Dataset records |
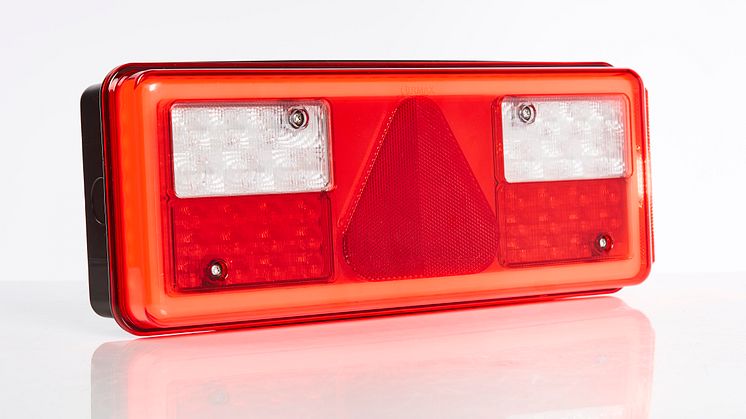 “Hammer-proof” tail lamps ease costs and nerves in transport industry thanks to wonder material polycarbonate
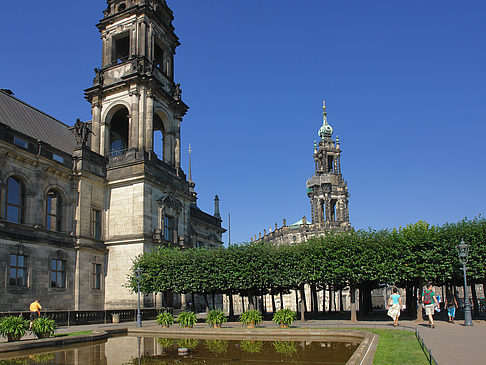 Fotos Teich vor dem Gericht | Dresden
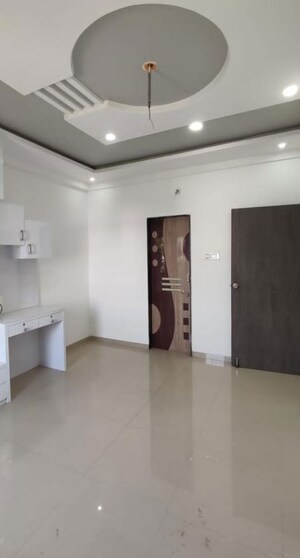 Room in 3 BHK Apartment at New Manish Nagar – for Rent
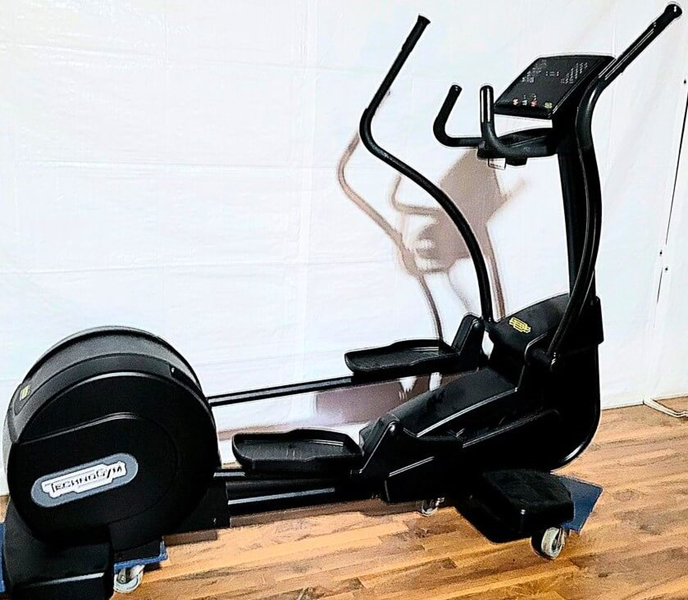 Crosstrainer Excite Syncro 700Sp - Crosstrainer Excite Syncro 700Sp Black Edition-40 (1).jpg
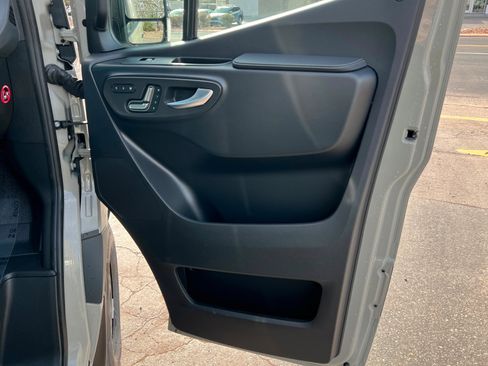 New 2026 Mercedes-Benz Sprinter 2500 image 21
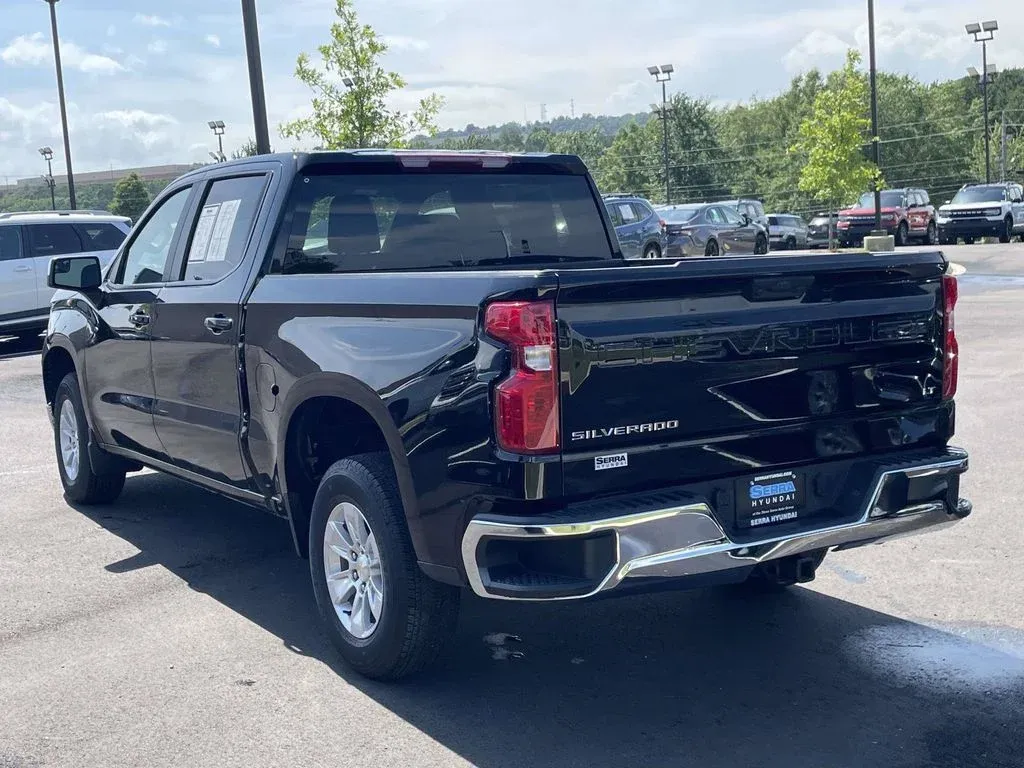 2026 Chevrolet Silverado 1500 LT thumbnail 4
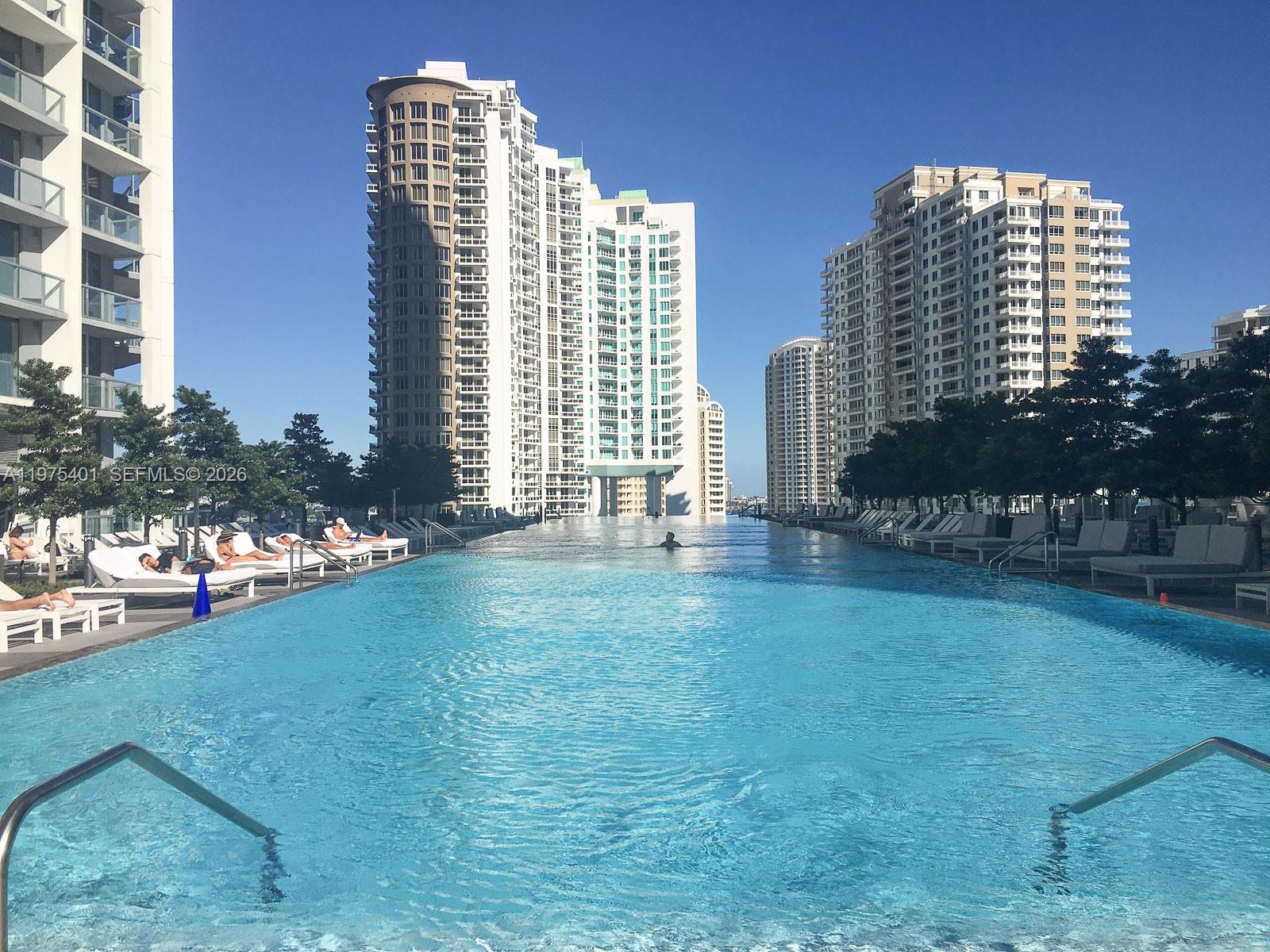 465 Brickell Ave #4301 Miami, FL 33131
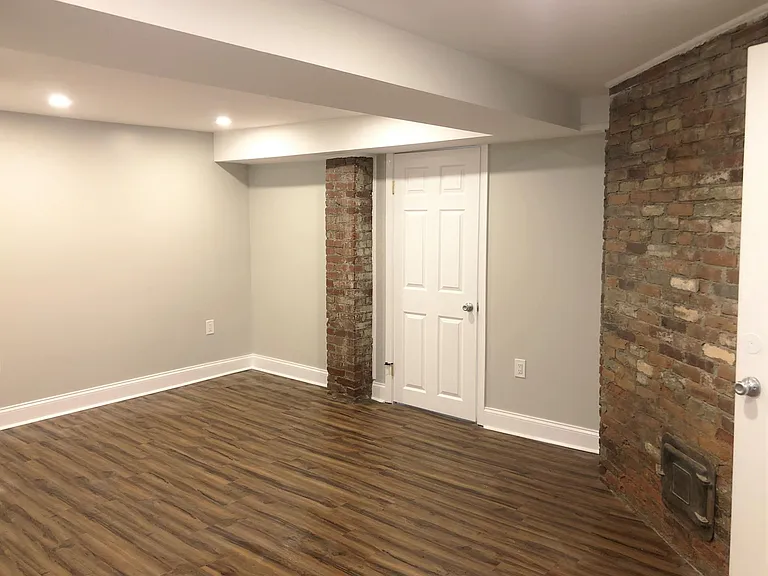 2841 N Front St #6 — Photo 22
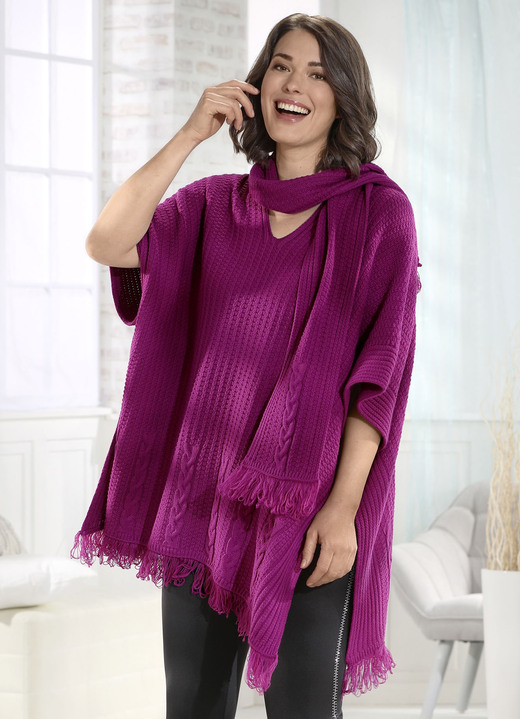 - Gebreide poncho met aangehechte sjaal, in Größe 3XL (56/58) bis XXL(52/54), in Farbe FUCHSIA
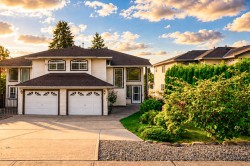 962 Delestre Avenue Coquitlam, BC V3K 2G6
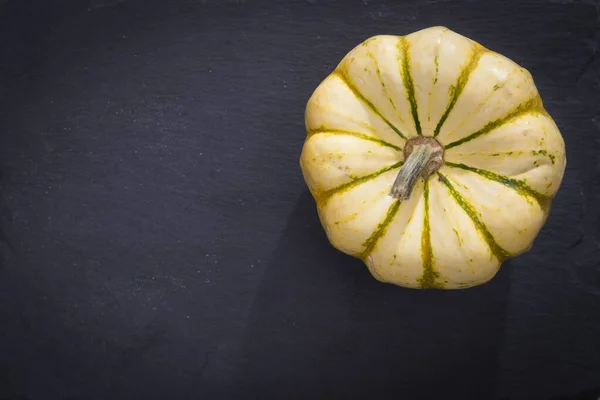 Calabazas sobre tabla de piedra negra listas para cocinar y degustar con los ingredientes de su elección . —  Fotos de Stock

Problem statement | From the line containing "Crosstrainer Excite Syncro 700Sp - Crosstrainer" down to the end of the data above, reproduce each line exactly; no pictures.

Your solution |
 Crosstrainer Excite Syncro 700Sp - Crosstrainer Excite Syncro 700Sp Black Edition-40 (1).jpg
 New 2026 Mercedes-Benz Sprinter 2500 image 21
 2026 Chevrolet Silverado 1500 LT thumbnail 4
 465 Brickell Ave #4301 Miami, FL 33131
 2841 N Front St #6 — Photo 22
 - Gebreide poncho met aangehechte sjaal, in Größe 3XL (56/58) bis XXL(52/54), in Farbe FUCHSIA
 962 Delestre Avenue Coquitlam, BC V3K 2G6
 Calabazas sobre tabla de piedra negra listas para cocinar y degustar con los ingredientes de su elección . —  Fotos de Stock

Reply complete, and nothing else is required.